Using Crowdsourcing for Expanding Localization of Products
UPDATE: I wanted to add that these translation APIs are all part of Microsoft Translator services and are available for developers to use and build their own localized communities. The documentation is up on MSDN for AJAX/JSON, SOAP or POX (Plain old XML) APIs you can put in your apps today. Also, be sure to check out the Microsoft Translator Blog for more technical details on the V2 APIs and translator widget.
Not everyone in the world speaks English. Such a silly thing to say, but if you live in an English-speaking country it's easy to forget that many (most?) people in the world would prefer to do their work in the language of their choice.
Microsoft ships documentation in Visual Studio that is human-translated (a huge effort) into 9 major world languages. That's millions and millions of words * 9 languages. How can we cover more languages? How can we make documentation easier for folks who are trying to learn about our products and don't speak English fluently?
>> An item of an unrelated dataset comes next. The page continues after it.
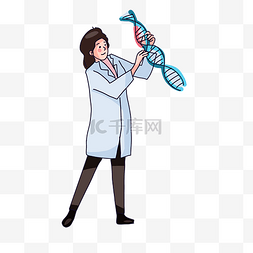检测基因图片_女医生DNA检测染色体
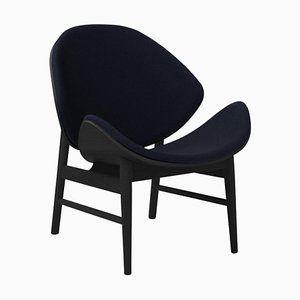 Black Lacquered Oak Chair in Midnight Blue by Warm Nordic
How can we make English interfaces easier to use for non-English speakers who want to learn English?
Last month, I spoke to members of the internationalization/globalization team in DevDiv (Developer Division) about some of the little-known stuff they are doing. I think deserves more attention as there's some pretty innovative things being done. Some are experimental, but there's hope to expand them if they succeed.
MSDN uses Machine Translation and Crowdsourcing for Documentation
Doing a lot of work with a few people is hard. Doing a lot of work with a lot of people is confusing and expensive. However, doing a little bit of work with a LOT of interested people can be useful, cheap and fun if you "crowd-source" rather than outsource. Check out the screenshot below or visit the Brazilian MSDN site and check out the Translation Wiki v2.
You'll see there's the English MSDN documentation on the left, and Brazilian Portuguese on the right.
Make sure to select "side-by-side" or "Lado a Lado." If you hover over a sentence on the Portuguese side, a small Edit button will appear.
Click Edit, and you can suggest a better translation, and they'll go into a queue for community moderators to approve. Notice also that under "Other Suggestions" you'll see existing suggested translations that are in the queue for moderation.
The initial Portuguese text comes from the Machine Translation team. For some reason, Portuguese is the best language that the Machine Translation team understands.
The text on the site is roughly 80% MT (Machine Translated) and 20% humans via these technique, and growing. There's a goal to include more languages for the next version of Visual Studio, including possibly Arabic, Czech, Polish and Turkish, although things are still a little up in the air.
If you know a Brazilian developer, spread the word about this project and encourage them to make edits to the Brazilian MSDN site and check out the Translation Wiki v2.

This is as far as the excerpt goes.